A evolução foi vertiginosa, com o número de ouvintes em todo o Reich passando de 467 em dezembro de 1923 para um milhão no ano seguinte. E em 1932 já havia mais de 4 milhões de assinantes pagando pela recepção do sinal - e pelo menos o mesmo número de ouvintes clandestinos. O tempo diário de transmissão também aumentava de forma constante: em 1923, eram 60 minutos - e em 1932, já eram 15 horas de programação por dia.
Entretenimento para as massas
Foram as novas possibilidades de reportagem acústica simultânea que enfeitiçaram os "radiotas", como eram chamados de forma depreciativa os primeiro ouvintes. Tratava-se de um tremendo evento midiático para a época, devendo seu fascínio ao caráter de imediatismo e transmissão em tempo real. E foi assim que surgiu um gênero desconhecido até então: o rádio-teatro.
Ao mesmo tempo, havia debates acalorados sobre os efeitos negativos do rádio sobre os ouvintes, sobre a cultura e a política. Muitos intelectuais e artistas preferiam se distanciar do novo meio.
Entre eles, estava o compositor austríaco Arnold Schönberg, que certa vez criticou: "No rádio, a qualquer hora do dia ou da noite é aquela festa para os ouvidos, sem a qual, aparentemente, não se pode mais viver sem hoje em dia. Coloco-me do lado de uma minoria que é contra este delírio de entretenimento: também devemos poder divulgar as coisas necessárias, e não apenas as supérfluas."
O nascimento da rádio estatal
Em 1925, nascia a Reichsrundfunkgesellschaft, rede nacional que centralizava as emissoras públicas regionais do país. Entre suas funções estava a organização das finanças, a realização de tarefas administrativas conjuntas e a coordenação da programação. O rádio evoluía assim para o nível estatal.

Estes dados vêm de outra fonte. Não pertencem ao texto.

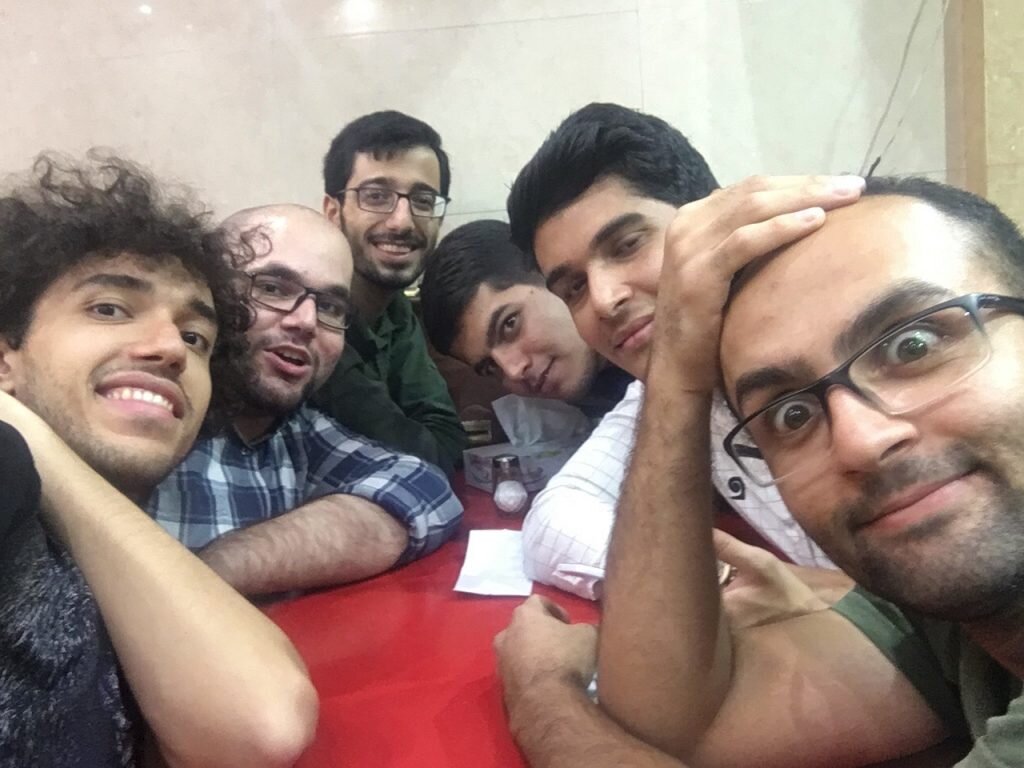 عکس | ریختن خون این دانشجوی دانشگاه شریف حلال است! شهید احسان قدبیگی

Em termos de qualidade técnica e artística, a programação era inicialmente modesta. Os primeiros produtores de rádio tiveram que tentar equilibrar a demanda cultural e o sucesso comercial com os menores custos de produção possíveis. Na primeira transmissão, portanto, em outubro de 1923, não havia um único texto jornalístico, nenhum comentário ou reportagem - mas já havia um bloco de publicidade.
Demanda por entretenimento
Um entretenimento leve era o que os ouvintes mais buscavam. Um levantamento concluiu que 83% dos entrevistados colocavam a opereta em primeiro lugar, relegando ao segundo posto os programas de atualidade.

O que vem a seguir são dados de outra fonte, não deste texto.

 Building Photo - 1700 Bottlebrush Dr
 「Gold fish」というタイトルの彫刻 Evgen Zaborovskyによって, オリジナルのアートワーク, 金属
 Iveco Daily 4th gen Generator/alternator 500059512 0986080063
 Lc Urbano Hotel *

Não obstante, o novo meio popularizou estilos musicais como o jazz e o popular schlager alemão (espécie de balada sentimental), permitindo que centenas de milhares de pessoas tivessem acesso às músicas clássica e contemporânea. Um exemplo disso foi o que se tornou a primeira transmissão mundial ao vivo na história do rádio: a ópera Tristão e Isolda, de Richard Wagner, conduzida por Friedrich Furtwängler no Teatro do Festival de Bayreuth. Mais de 200 emissoras do mundo se conectaram para acompanhar o evento histórico.
Em 1929, o rádio apresentou outra inovação: a reportagem local. Os repórteres deixavam o estúdio, iam para um campo esportivo, sobrevoavam Berlim num balão ou acompanhavam o dia a dia de mineiros do Vale do Ruhr em sua labuta subterrânea.

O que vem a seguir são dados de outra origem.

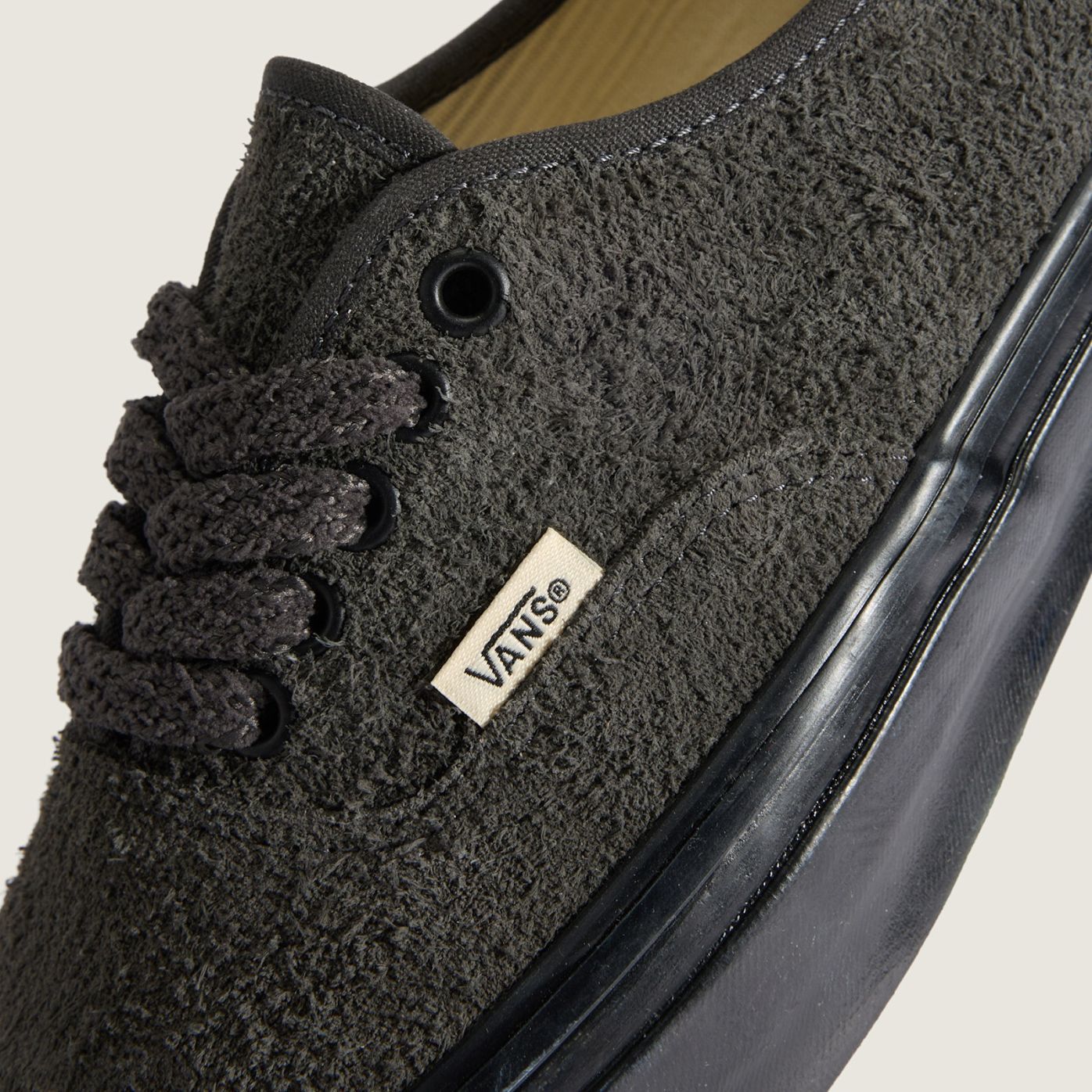 Vans LX Authentic 44 Hairy Sneaker Zwart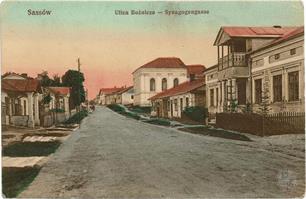 Сасов, улица Синагогальная (Синагога - справа)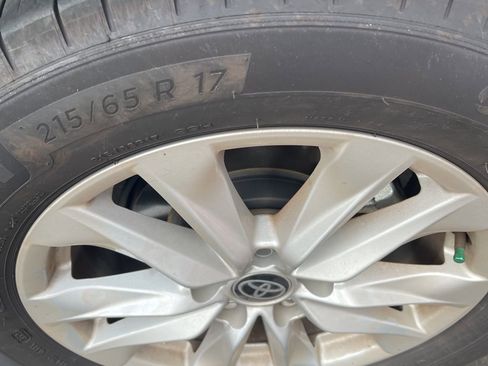 Used 2023 Toyota Corolla Cross LE image 3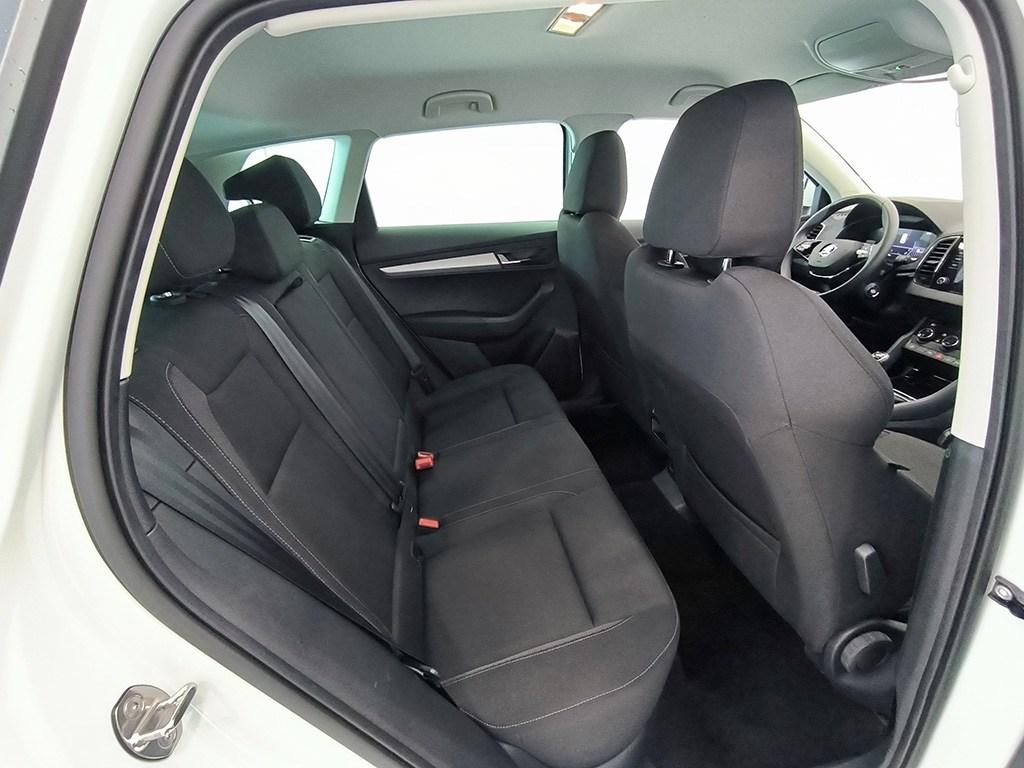 Skoda Karoq 2.0 TDI Selection 85 kW (115 CV) - 5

O rádio como ferramenta de propaganda
Uma coisa logo ficou clara para aqueles que estavam por trás dos microfones: o rádio era um meio veloz - ou pelo menos mais veloz que o jornal impresso. Outra coisa também chamou a atenção: muitas vezes, era a própria transmissão radiofônica que se tornava o grande acontecimento, e não a notícia em si. A experiência ao vivo no local, como num jogo de futebol, por exemplo, numa peça de rádio ou num grande teatro, era única e irreproduzível.
Coube aos nazistas encerrar o primeiro capítulo da radiodifusão alemã. Além de usarem o rádio de forma sistemática para alcançar seus objetivos antissemitas e belicosos, houve ainda os chamados "expurgos" pessoais, levando à expulsão de judeus e dissidentes políticos de seus cargos no setor da radiodifusão.